INFORMATION PROVIDED -
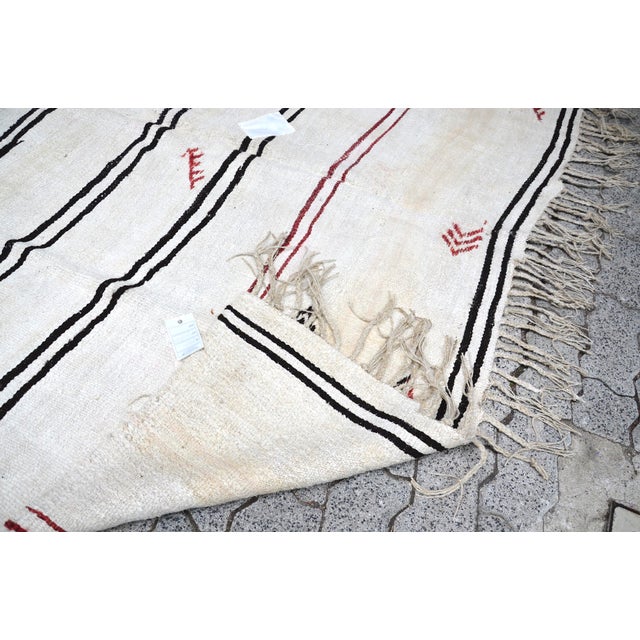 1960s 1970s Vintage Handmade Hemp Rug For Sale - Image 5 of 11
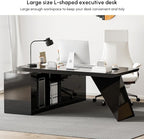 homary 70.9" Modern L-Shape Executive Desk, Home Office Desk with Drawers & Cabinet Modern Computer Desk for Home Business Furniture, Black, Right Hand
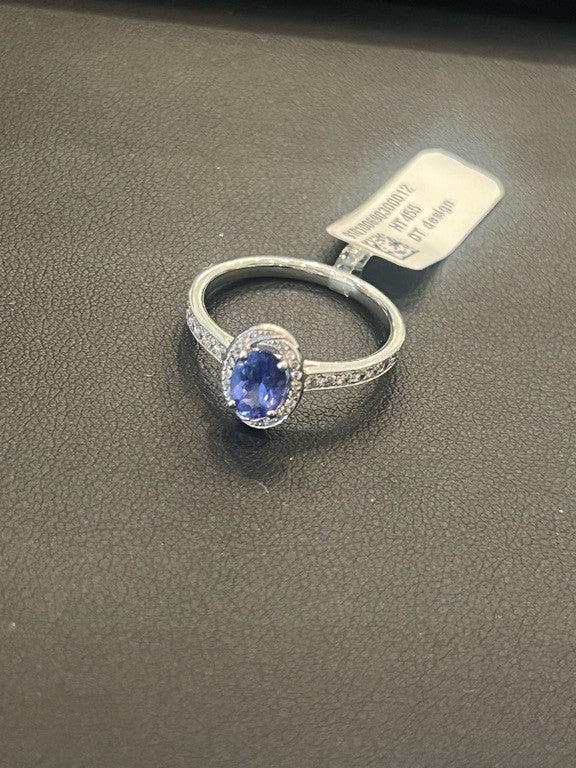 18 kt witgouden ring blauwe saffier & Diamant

PROBLEM TO WORK ON - Repeat the data word for word; drop the pictures.

EXERCISE ANSWER -
 1960s 1970s Vintage Handmade Hemp Rug For Sale - Image 5 of 11
 homary 70.9" Modern L-Shape Executive Desk, Home Office Desk with Drawers & Cabinet Modern Computer Desk for Home Business Furniture, Black, Right Hand
 18 kt witgouden ring blauwe saffier & Diamant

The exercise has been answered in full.